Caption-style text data
-----

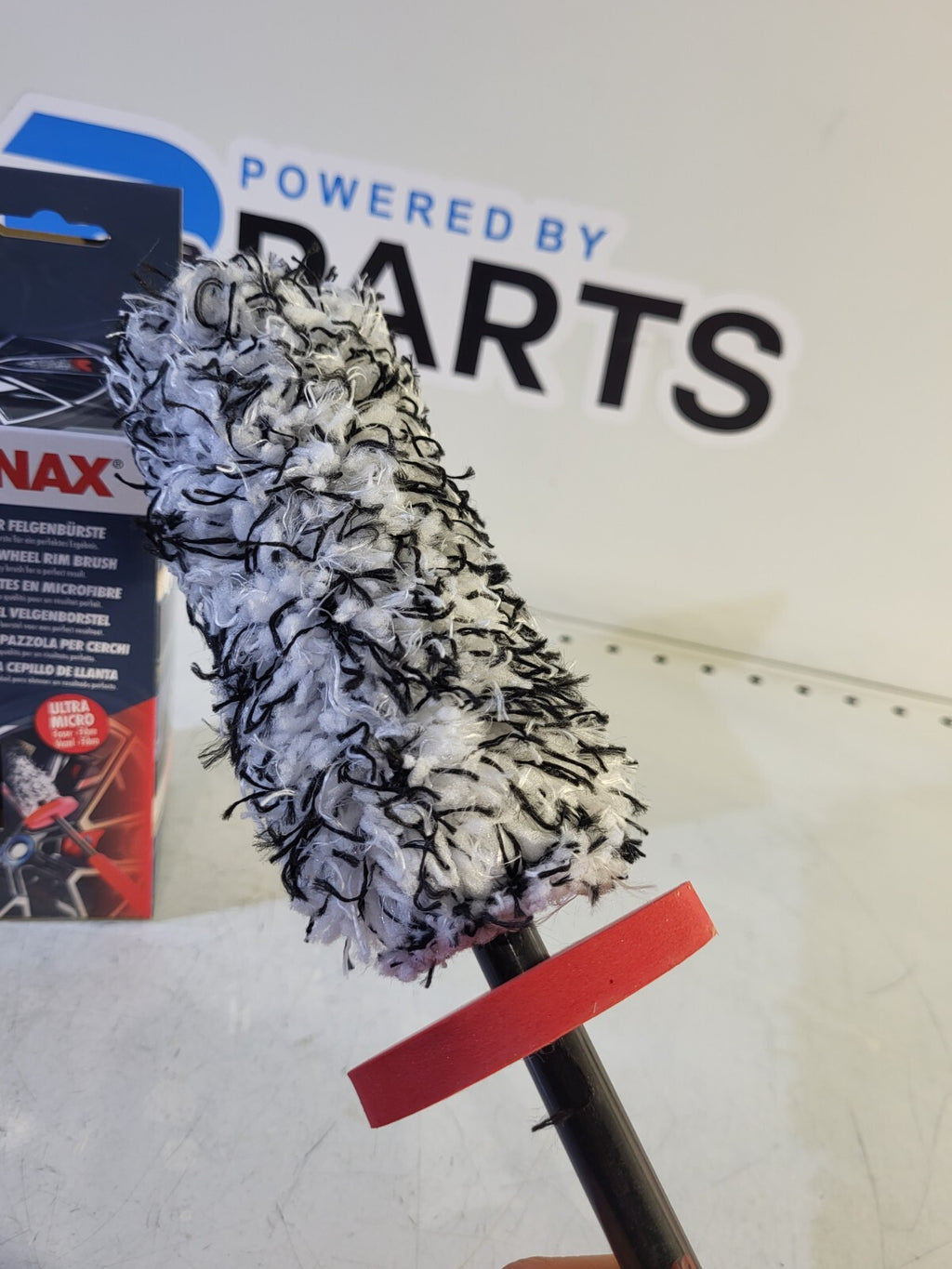 SONAX Microfibre Wheel Rim Brush 04179410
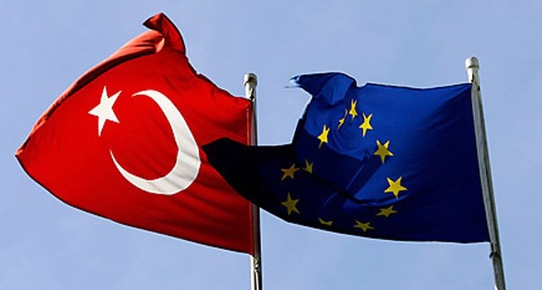 Rapora pêşketinan a YEyê: Tirkiye bi paş de diçe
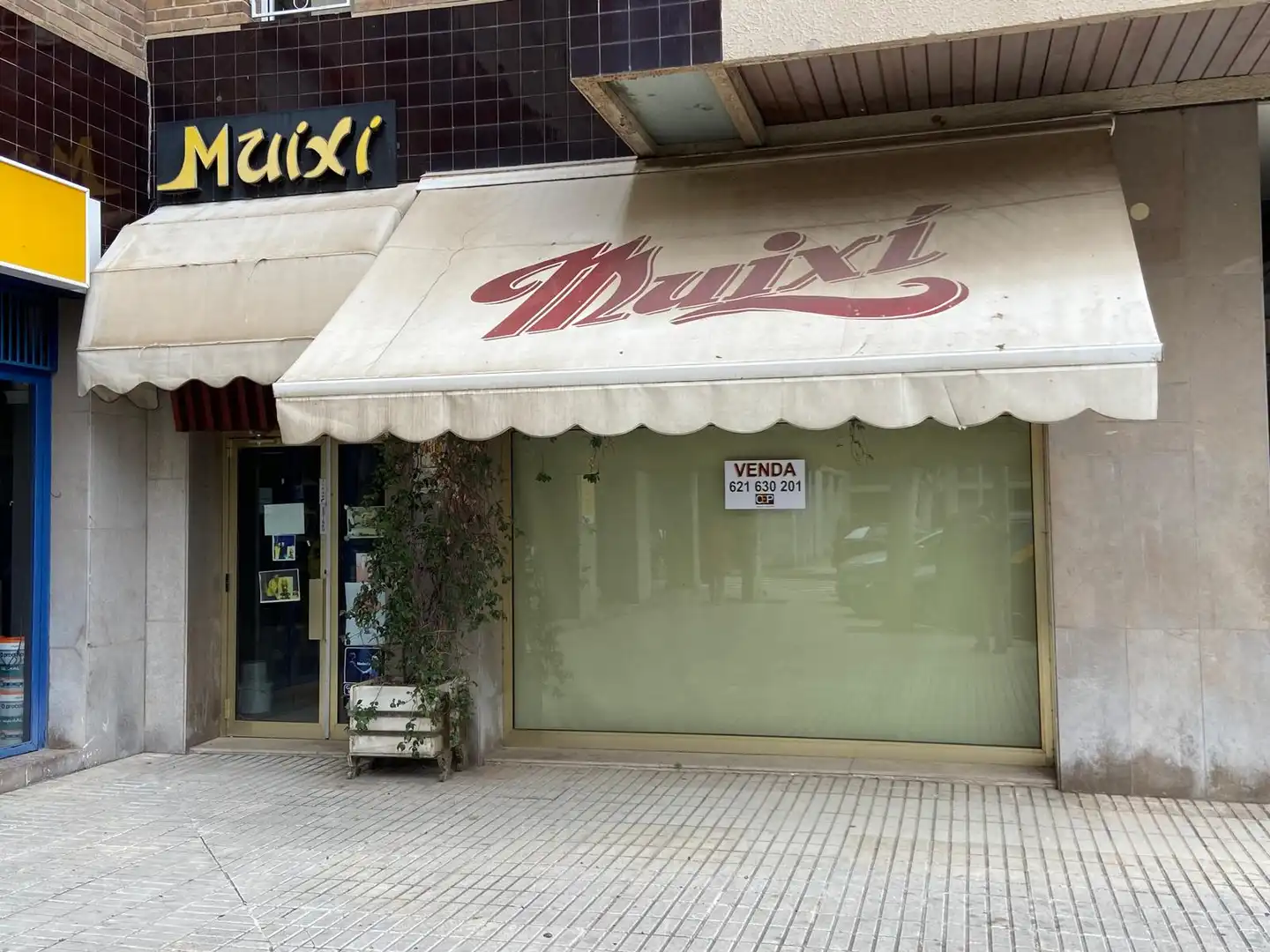 Locale commerciale in vendita a Plaça de la Sardana 4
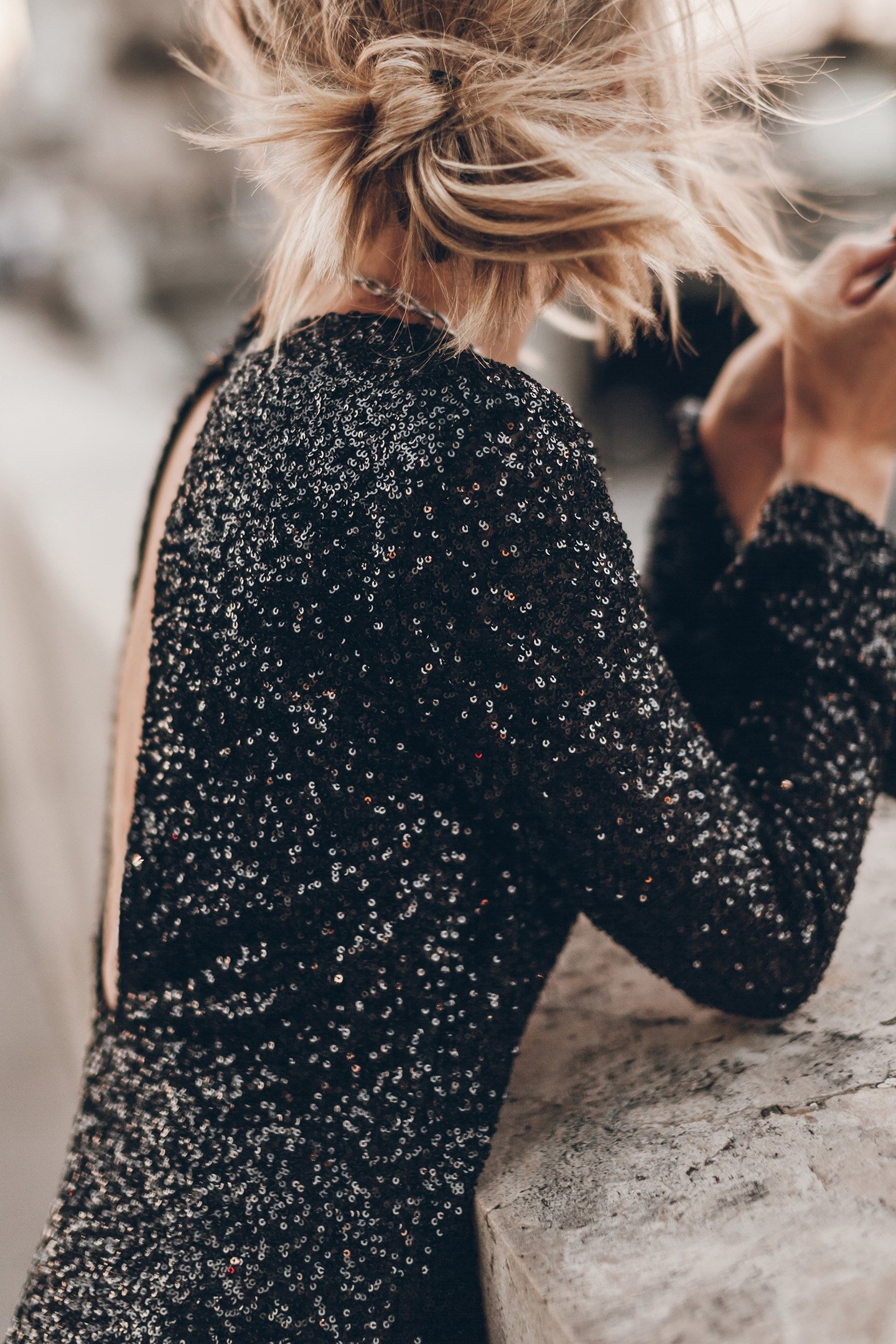 THE BLACK SEQUIN DRESS 5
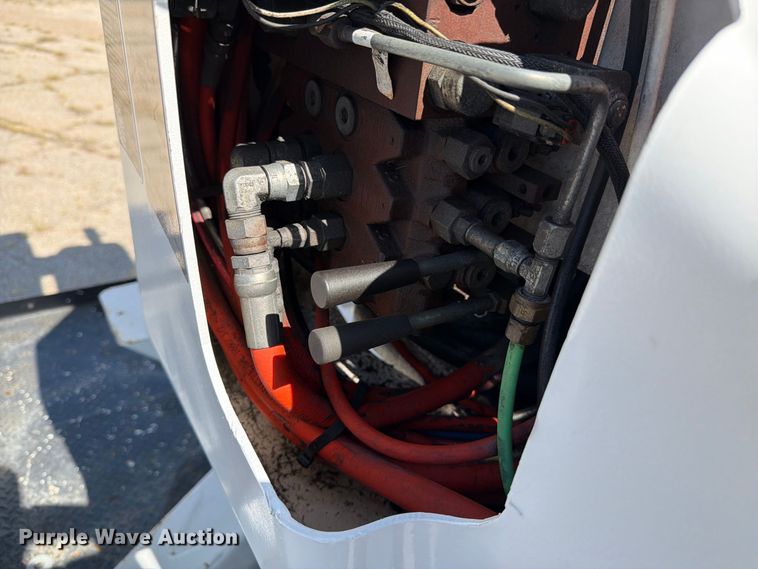 image for item DV8575 2013 International 4300 bucket truck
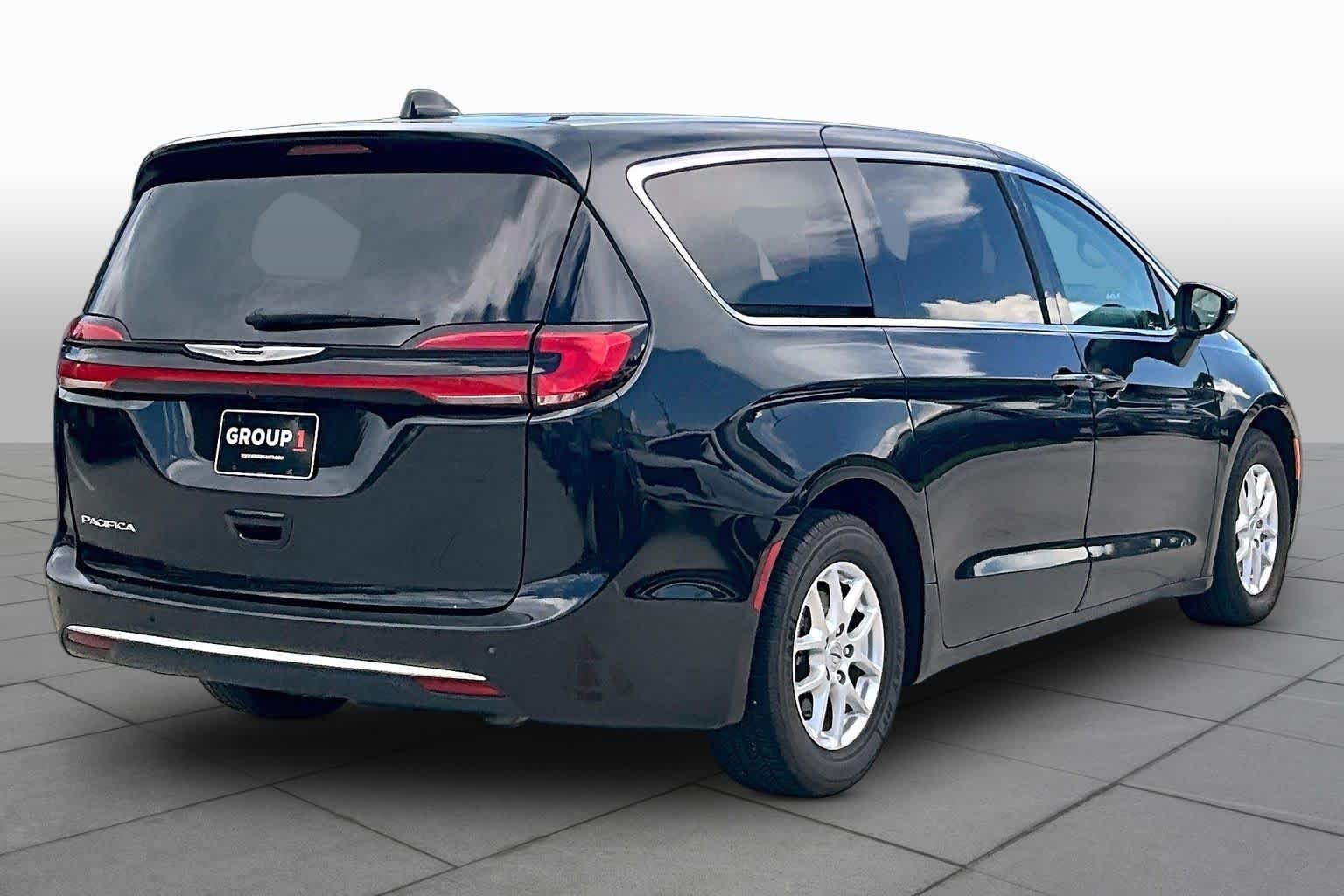 Used 2023 Brilliant Black Crystal Pearlcoat Chrysler Touring L image 12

-----

YOUR TASK – Apart from the pictures, all of the data should be repeated exactly.

RESPONSE TO THE EXERCISE –
 SONAX Microfibre Wheel Rim Brush 04179410
 Rapora pêşketinan a YEyê: Tirkiye bi paş de diçe
 Locale commerciale in vendita a Plaça de la Sardana 4
 THE BLACK SEQUIN DRESS 5
 image for item DV8575 2013 International 4300 bucket truck
 Used 2023 Brilliant Black Crystal Pearlcoat Chrysler Touring L image 12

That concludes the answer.